This thread seems kinda useless if it just you complaining about something that you don't fully understand because you have not studied it very well yet...

I'm explaining why I won't be investing further in Mathematica. As a fan, you have the luxury of digging your feet in, blaming everything on the users, and defending shortcomings in a program you apparently worship; but for the developers running a business and wondering why there will be one less customer returning, I'm offering helpful information.

I have studied what I'm doing well enough to have coded parts of the world's 1st commercial software synthesizer.
POSTED BY: Anonymous User

Hi Joe,

frustration of this kind is typical when the need of solving a specific problem is the sole motivation of learning WL. This compares to the situation when starting to learn a real language (e.g. French) not before actually having to translate some text. This is not working - and I have no idea why again and again people envision it could! WL is immensely powerful, but it needs some effort first. And besides: Before being able to write successfully efficient programs e.g. in C one needs a whole lot of experience as well!

Regards -- Henrik
POSTED BY: Henrik Schachner
Anonymous User
Anonymous User
Posted 7 years ago

When I want to integrate symbolically, I will use Mathematica, not any other language. Symbolic was manipulation was a primary reason for trying/buying Mathematica, and it's good for that. That was the original emphasis in 1987, if I understand correctly. Now that it's grown, though, and they have an entire chapter in the docs titled "Sound", they could enhance the design or at least the docs to make it easier to pass massive arrays around?

And yes, Python took me only a few hours to learn, but that's because I've already spent years doing C/C++.
POSTED BY: Anonymous User
Hans Milton
Hans Milton
Posted 7 years ago

Use Unevaluated in the function call:

In[1]:= add7To2ndElement[x_] := x[[2]] += 7

In[2]:= Module[
    {list = {1, 2, 3}},
    add7To2ndElement[Unevaluated@list];
    list
 ]

Out[2]= {1, 9, 3}
POSTED BY: Hans Milton

If you don't want to write Unevaluated every time, you can also set HoldFirst once:

SetAttributes[add7To2ndElement, HoldFirst]
add7To2ndElement[list_] := list[[2]] += 7

Module[{list = {1, 2, 3}}, add7To2ndElement[list]; list]
POSTED BY: Sander Huisman
Anonymous User
Anonymous User
Posted 7 years ago

Thank you both. I've tried both of your solutions here, and they both work here.

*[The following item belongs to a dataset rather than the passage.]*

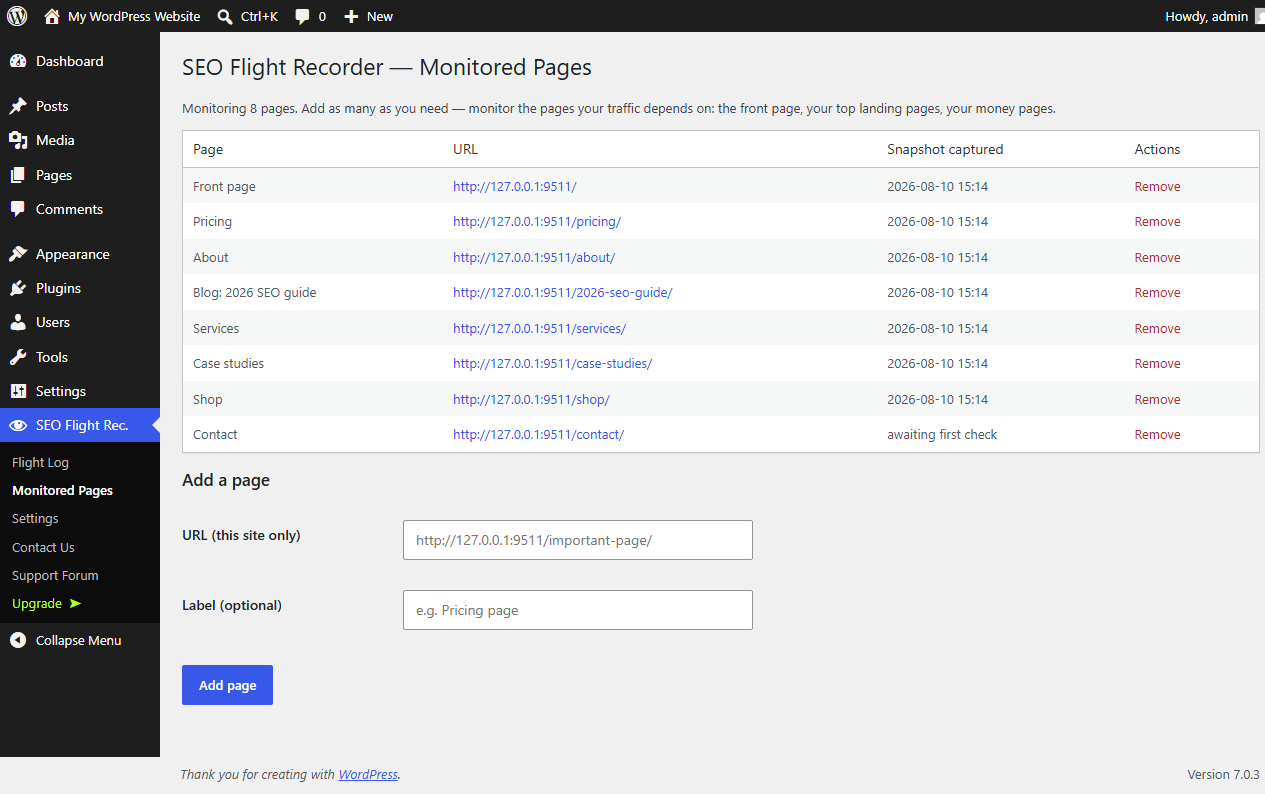 Monitored pages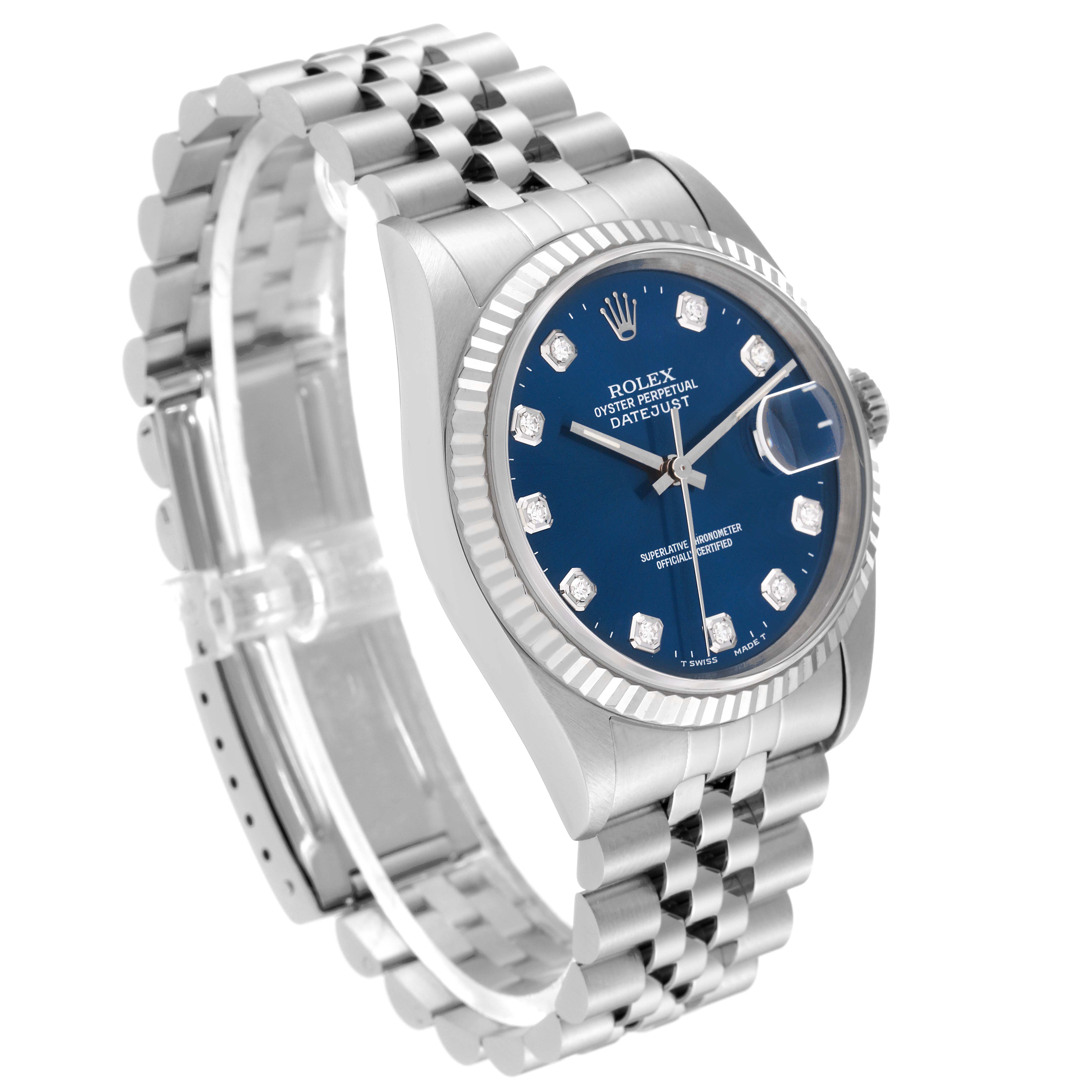 The Rolex Datejust 16234 Men's Stainless Steel Blue Dial 16234 Men's Stainless Steel Blue Dial model is shown from a front-right angle, displaying its blue dial, bracelet, and fluted bezel.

Even after studying the docs on evaluation and the Hold* and Unevaluated functions, I don't have a clear understanding of why my original attempt was erroneous. I figure my original attempt was causing this to happen:

In[1]:= {1, 2, 3}[[2]] += 7

During evaluation of In[1]:= Set::setps: {1,2,3} in the part assignment is not a symbol.

Out[1]= 9

I understand that in this example, Mathematica is attempting to do "2+=7", which is understandably an error; but is there a way that code could be rewritten to return {1,9,3}, without using any named variables?
POSTED BY: Anonymous User

Basically (roughly?) += (the function called AddTo) does the following:

x = x + dx

so in your example that translates to:

2 = 2 + 7

However you can't set '2' to something! it's not a symbol!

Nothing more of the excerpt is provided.